We had talked in the past about doing something small abroad in Sicily (We both have Sicilian heritage). But after a long and isolated pandemic, that dream started to change. He wanted to share this moment with his large family and even larger group of friends. I didn’t want to have to worry about a destination wedding with a very long flight, far away from my home base and doctor’s office (at least not for a higher stress event like a wedding, one that I was planning myself).

So, when my fiancé suggested we get married in Vegas, I instantly laughed and swatted the idea away. It could never happen there, could it? Vegas? The place where we go a few times a year to escape, see our favorite musicians and comedians, return to cherished restaurants, and play in poker tournaments together. How could we possibly have a serious life event like a wedding in our beloved Vegas?

To our shock, most of our friends and family were thrilled to receive our Vegas save the dates! They understood why it is a great place for us to have our wedding: the catalogs of Elvis officiants, accessible to us and our friends and family by plane or car, a plethora of hotel options, and most importantly, a place that my fiancé and I love to spend time together. 

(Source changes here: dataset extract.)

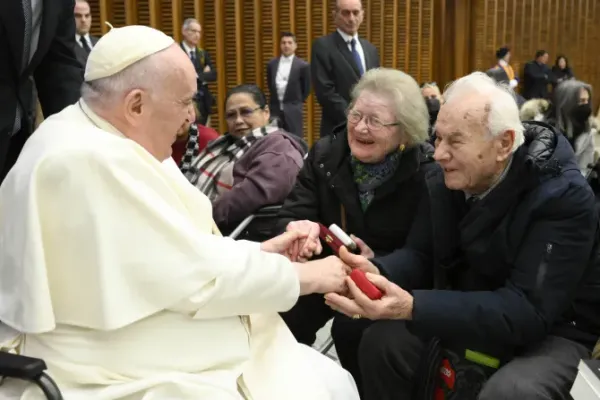 Vatican Offers Plenary Indulgence for Third Annual Grandparents’ Day this Month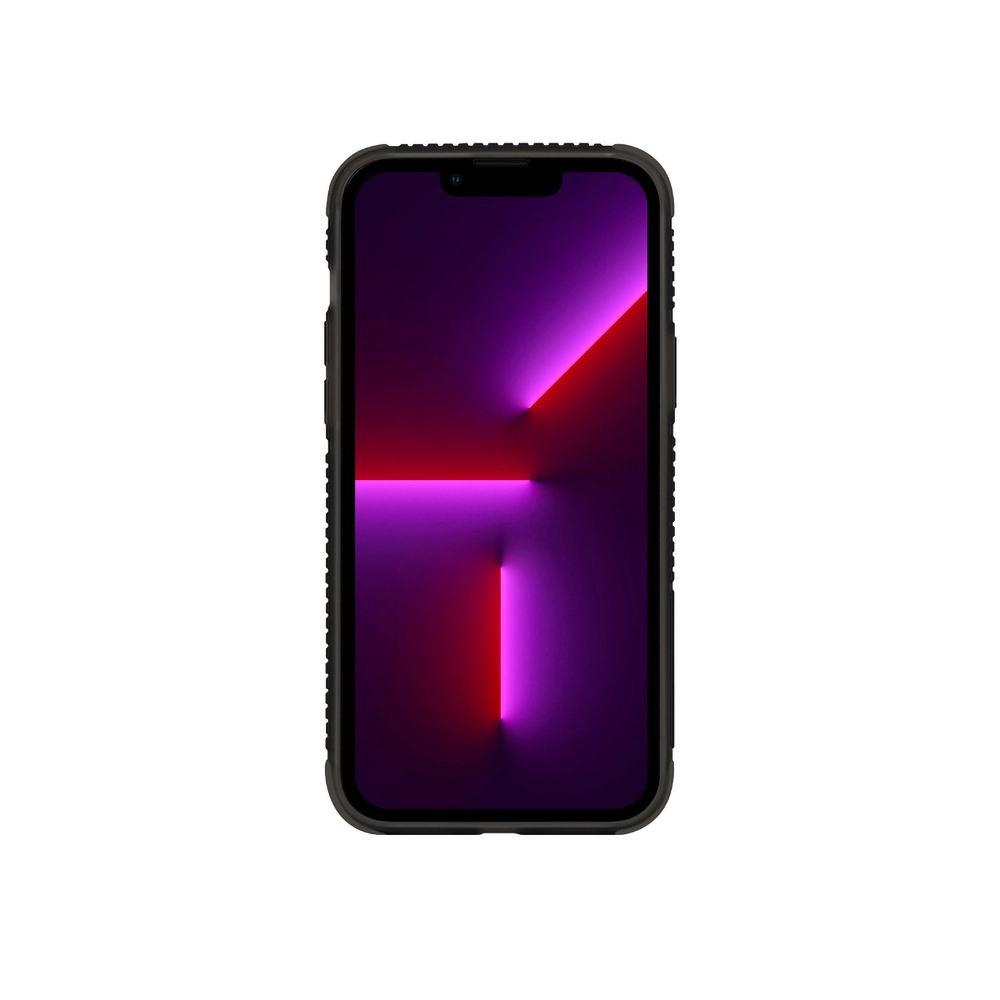 iPhone Uyumlu 13 Pro Max Kılıf SkinArma Desenli Airbag Tasarımlı Kyanseru Kapak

My fiancé and I are planning this wedding as we do a lot of things in our lives: together, with shared responsibilities, combining our strengths, and infusing a lot of ourselves and our passions into the process. No, unfortunately, there will be no quick-change shows or piano acrobats…but Elvis is still up for discussion.

Courtesy of Samantha Mannis

Lots of things come up during the planning process: what music we want during the reception (lots of pop punk, oldies, eighties, and an overall mix of great jams), if the hotel we stay at is accessible to me (someone with variable physical disability), and if there is room in the budget for designer shoes to go with the dress I picked out, which can be specially altered if I gain or lose weight during the planning process. When I spoke about this with my non-disabled friends who have recently planned weddings, they said they had similar conversations with their fiancés. Funny how a disabled bride’s requests don’t stray that far from any other person getting married: we all have things that we need and want on our wedding day!

While there may be some fear for the future surrounding my moment of joy, I certainly feel lucky to be able to roll the dice while pressing forward for myself, disability representation in media, and marriage equality for the disability community. Hopefully, my story can encourage others to take a chance on someone different from themselves in life or love, be it with a relationship, an opportunity, or speaking up about a worthwhile cause. To me, that’s what love looks like. No doubt about it.